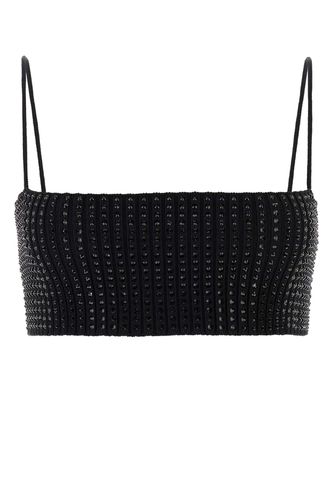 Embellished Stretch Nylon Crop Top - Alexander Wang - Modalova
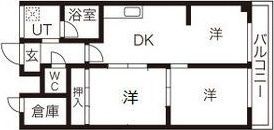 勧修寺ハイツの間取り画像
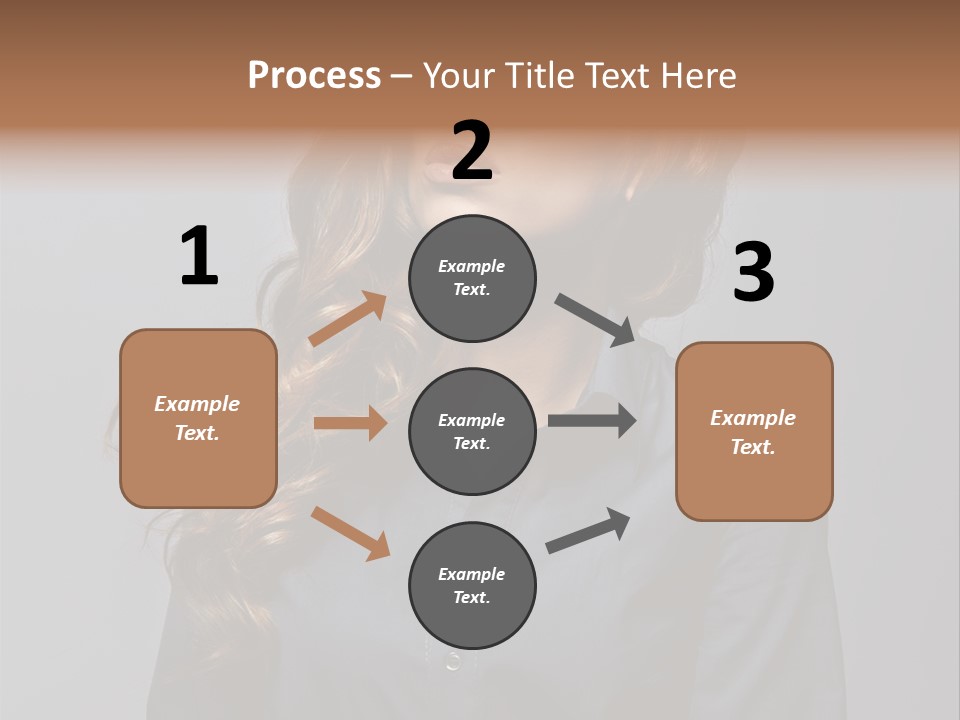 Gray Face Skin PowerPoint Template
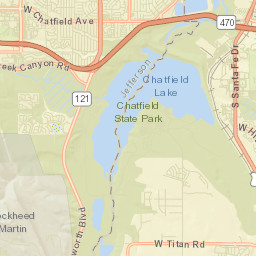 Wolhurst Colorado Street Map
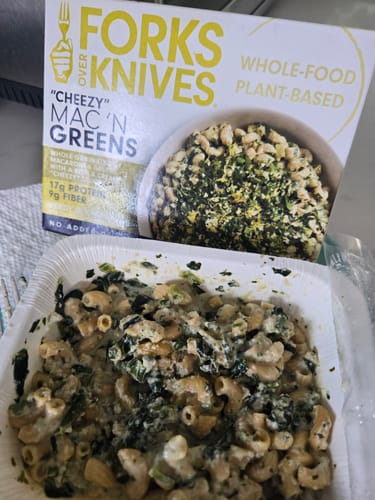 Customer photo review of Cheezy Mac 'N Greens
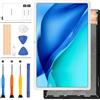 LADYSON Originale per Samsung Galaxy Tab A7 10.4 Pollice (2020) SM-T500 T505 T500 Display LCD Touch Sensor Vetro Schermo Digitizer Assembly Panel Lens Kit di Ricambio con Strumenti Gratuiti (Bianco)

- - - -

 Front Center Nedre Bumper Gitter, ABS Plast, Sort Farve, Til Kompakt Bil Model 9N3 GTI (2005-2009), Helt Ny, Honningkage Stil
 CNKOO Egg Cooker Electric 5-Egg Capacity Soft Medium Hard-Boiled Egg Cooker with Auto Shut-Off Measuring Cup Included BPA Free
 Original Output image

- - - -

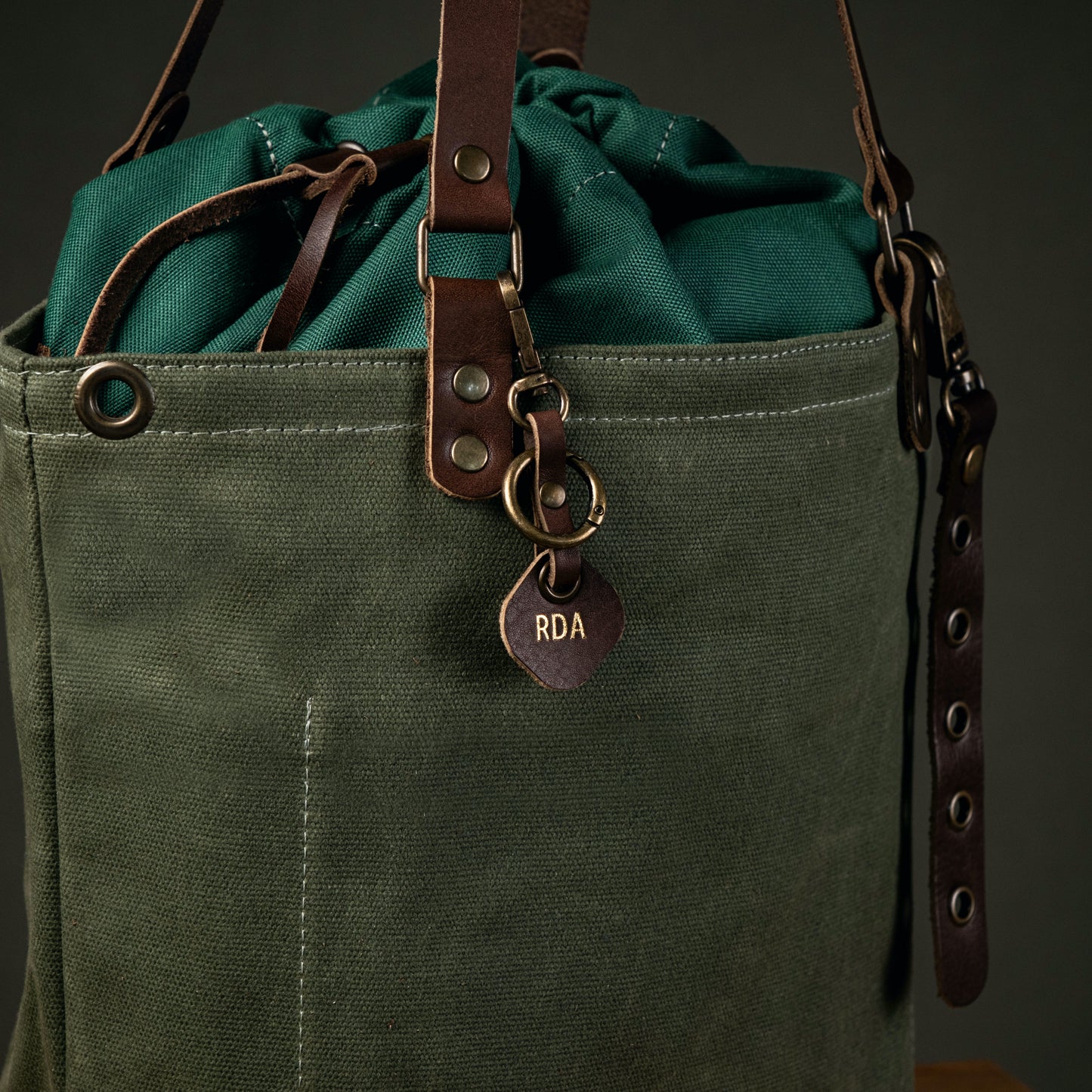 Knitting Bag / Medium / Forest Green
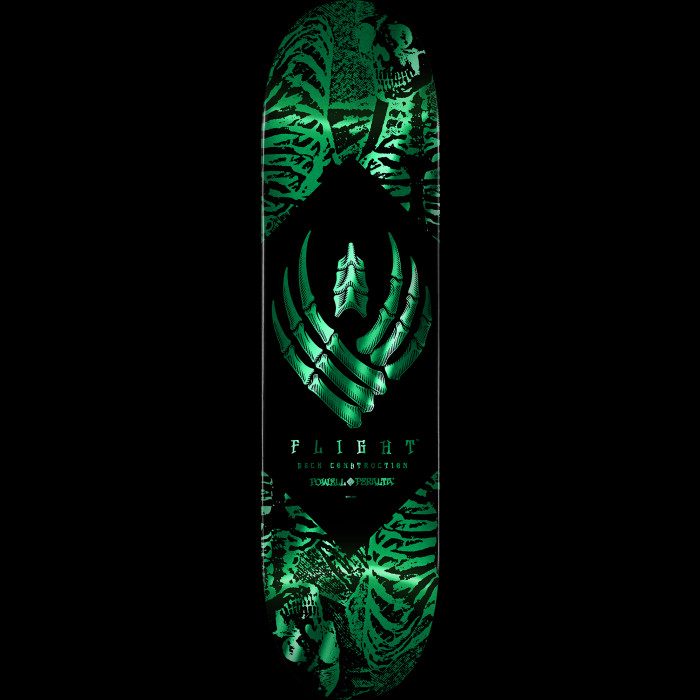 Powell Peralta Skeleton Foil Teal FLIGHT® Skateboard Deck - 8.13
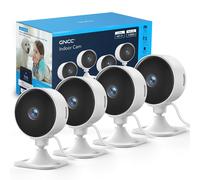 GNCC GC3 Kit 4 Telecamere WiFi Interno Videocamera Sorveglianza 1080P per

- - - -

#### [Task to carry out]
Return the stretch of data that begins with the line showing "Customer photo review" and goes on through the line showing "LADYSON Originale per", exactly, with pictures removed.

#### [Result of the task]
 Customer photo review of Cheezy Mac 'N Greens
 LADYSON Originale per Samsung Galaxy Tab A7 10.4 Pollice (2020) SM-T500 T505 T500 Display LCD Touch Sensor Vetro Schermo Digitizer Assembly Panel Lens Kit di Ricambio con Strumenti Gratuiti (Bianco)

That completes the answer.